I could expand the sites XPATH filter to include more content, but won't that be less effecient and defeat the point of filtering all together ?
Here's an example of the debug log, where you can see the Company Mission is being processed twice for some reason, and the first loop is empty, which must be why it is outputting onto a new line in the CSV, but why ??
{'Item_Code': [u'ABC'],
'Listing_Date': [u'1 January, 2000'],
'Office_Address': [u'Level 1, Some Street, SYDNEY, NSW, AUSTRALIA, 2000'],
'Office_Fax': [u'(02) 1234 5678'],
'Office_Phone': [u'(02) 1234 5678'],
'Company_Mission': [],
'Website_URL': [u'http://www.company.com']}
2014-02-06 16:32:13+1000 [my] DEBUG: Scraped from <200 http://www.website.com/Code=ABC>
{'Item_Code': [],
'Listing_Date': [],
'Office_Address': [],
'Office_Fax': [],
'Office_Phone': [],
'Company_Mission': [u'The comapany is involved in retail, food and beverage, wholesale services.'],
'Website_URL': []}
The other thing I am completely baffled about is why the items are spat out in the CSV in a completely different order to the items on the HTML page and the order I have defined in the spiders config file. Does scrapy run completely asynchronously returning items in whatever order it pleases ?

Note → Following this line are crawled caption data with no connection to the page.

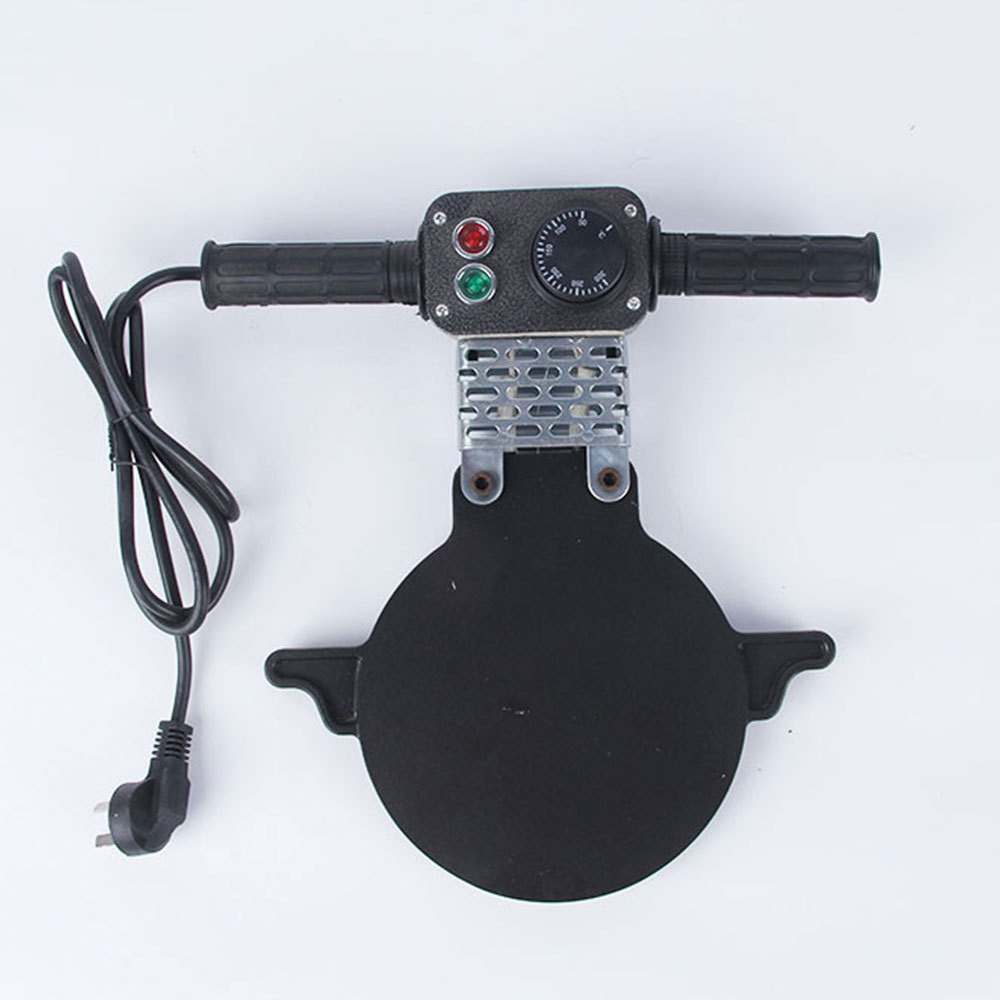 Hand Crank Butt Welding Machine 160mm/200mm heating plate PE Butt Fusion Welder Fusion Welding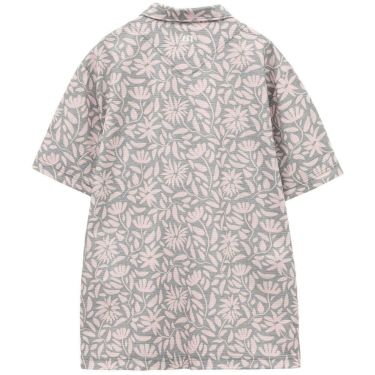 トラヴィスマシュー Travis Mathew　メンズ フローラルプリント 半袖 ポロシャツ 7AL028　2025年モデル 詳細8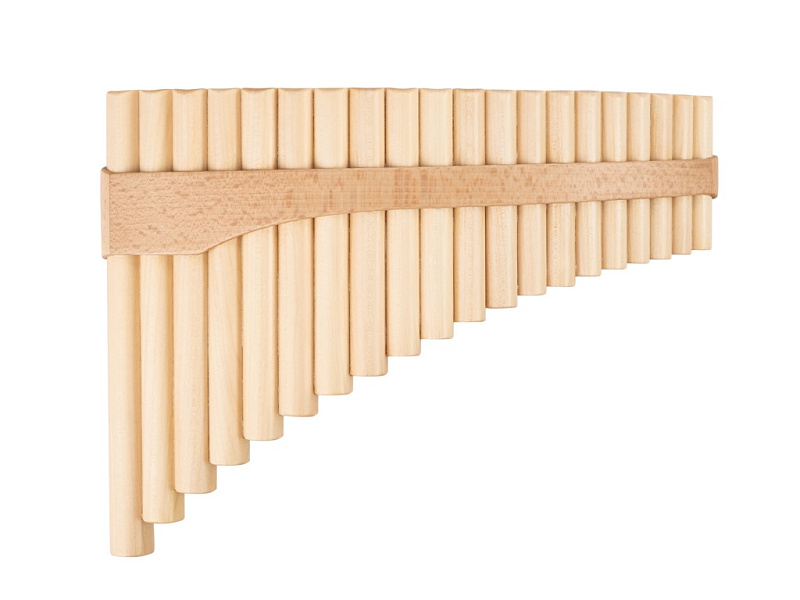 Фото Пан-флейта Hora Panpipe-20-Alto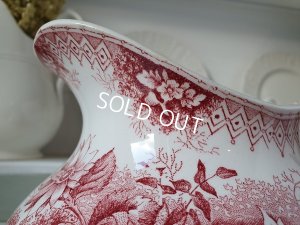 画像4: Moulin des Loups陶器ピッチャー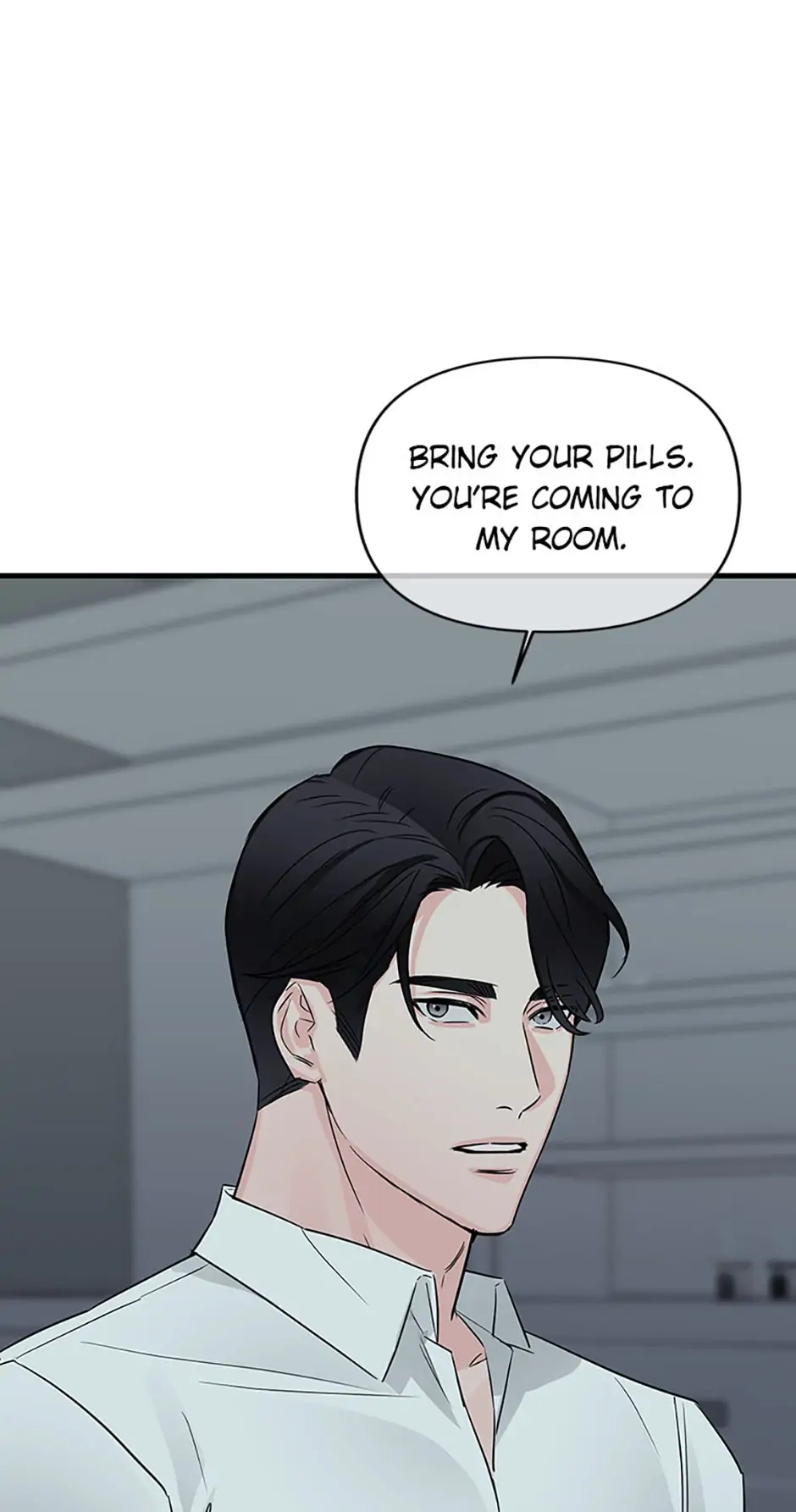 Scentless Trail - Chapter 33 manhwa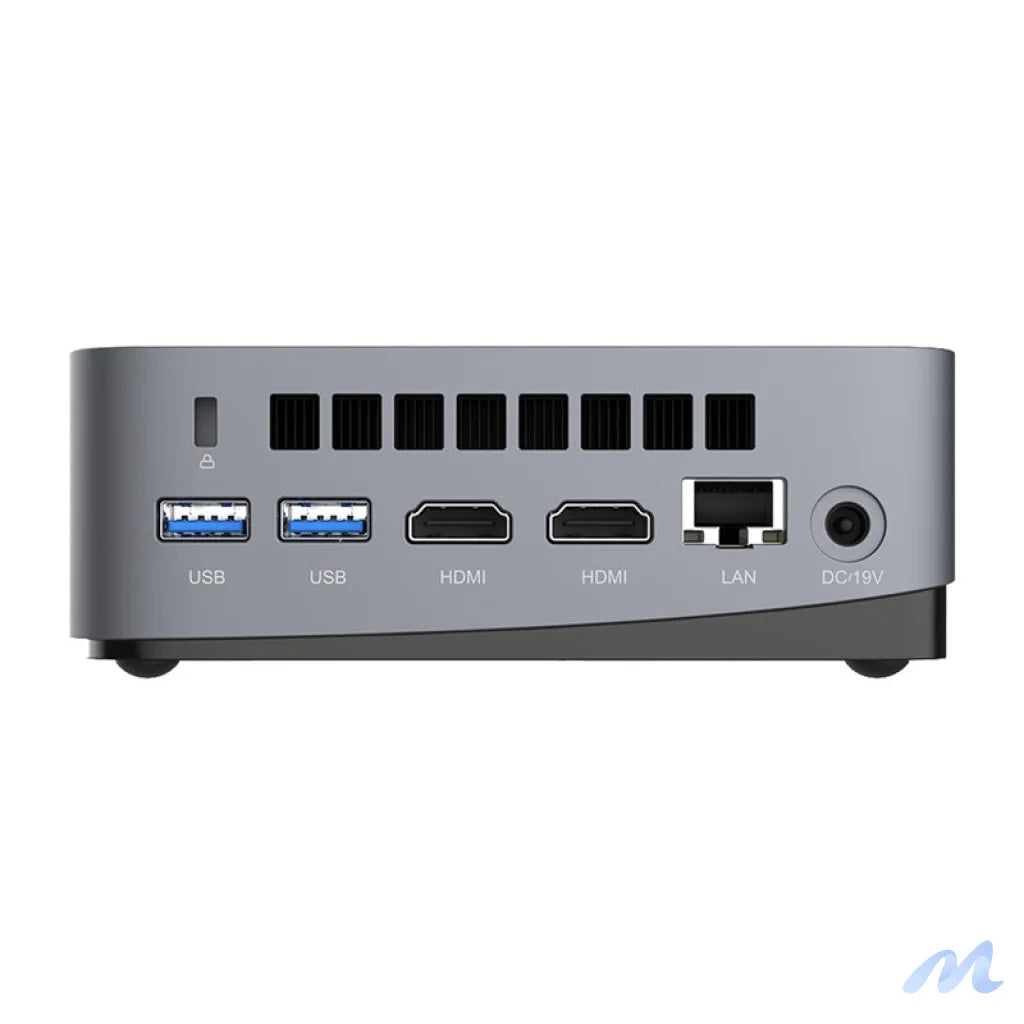 MINI PC AceMagic AD16 , Intel 1340P + Intel® Iris® Xe Graphics 32GB RAM + 1TB szary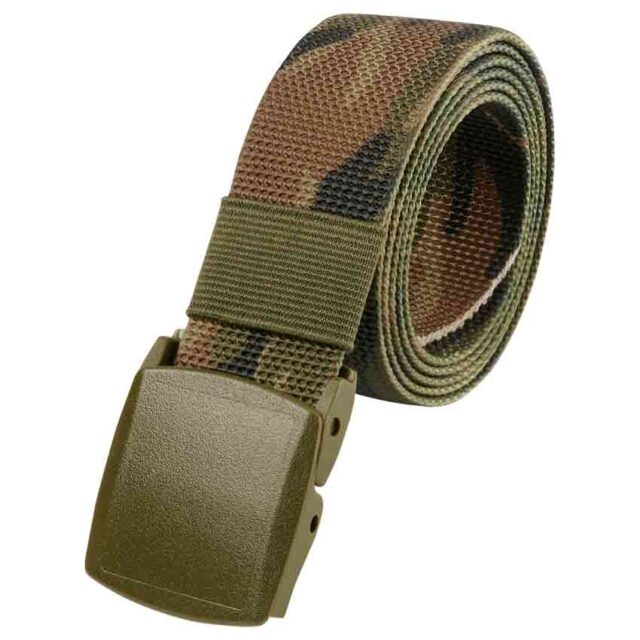 Ζώνη WoodLand Fast closure - 130cm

I understand you want to scrape 1 item for this page but //table[#class="contenttable company-details"] matches 2 tables elements in your HTML content, so the for site in sites: will run twice, creating 2 items.
And for each table, XPath expressions will be applied within the current table if they are relative -- .//th[text()="Item Code"]. Absolute XPath expressions, such as //th[text()="Company Mission"], will look for elements from the root element of your HTML document.
Your sample output shows the "Company_Mission" only once while you say it appears twice. And because you're using an absolute XPath expression for it, it should have indeed appeared twice. Not sure if the ouput matches your current spider code in the question.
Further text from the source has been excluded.